Strutting around with an enormous fake stomach attached to him and with the face of a constipated toad, Anthony Hopkins looks more like a wax figure on the run from the cabinet than like a real human being. We learn a little bit more about his wife and companion Alma, who if we’re to believe this did an enormous amount of uncredited work on his movies. But we don’t get an inch closer to the master himself.
Frankly this is the worst kind of movie to write about. I didn’t hate it, but I didn’t like it either. It’s strikingly unremarkable, and has the feel of a forgettable TV-production rather than a theatrical release.
About film making
The film is its best whenever it’s about the process of making a film (in this case Psycho), from the arguing with the film business people to the setup of the clever marketing campaign. I love to see the casting, the camera work and the collaboration between Hitchcock and Alma in the editing room. But all of this could have been done as well – or better – in a documentary. Then we wouldn’t have to put up with a rather silly side story about Alma looking for consolation outside of her marriage and a bunch of dream sequences where Hitchcock talks to the Ed Gein (the source of inspiration for Psycho), which leads nowhere.

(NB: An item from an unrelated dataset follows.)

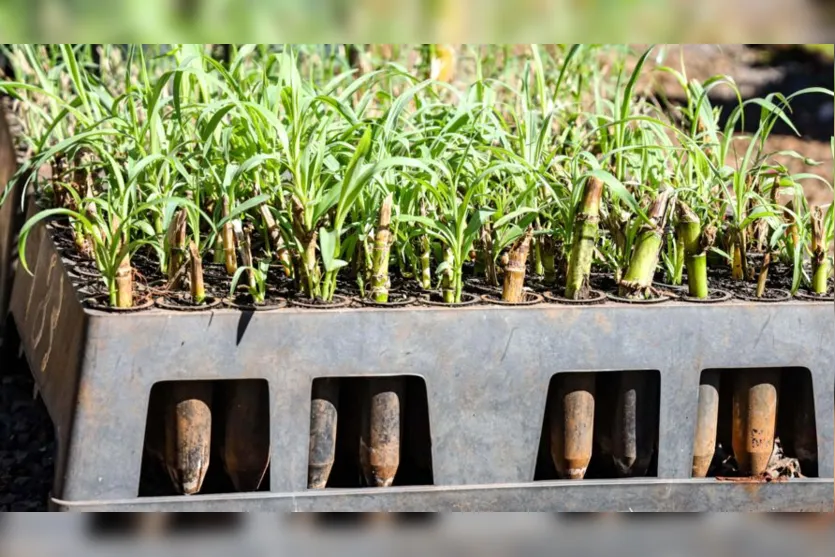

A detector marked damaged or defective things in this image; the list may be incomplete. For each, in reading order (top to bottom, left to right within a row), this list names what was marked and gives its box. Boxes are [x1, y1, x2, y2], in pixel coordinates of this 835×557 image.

rusty metal surface [9, 218, 835, 508]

I don’t know if Hitchcock led a life interesting enough to deserve a biopic movie. There’s no guarantee there’s a compelling story to be told, just because you’re a good director. But provided that the story of his life was worth sharing, I think it would have worked better in a different genre. Rather than doing this absolutely harmless comedy, they could have explored the darkest corners of Hitchcock’s psyche. That might have worked better than this flavourless dish that I surely will have forgotten everything about in a week’s time.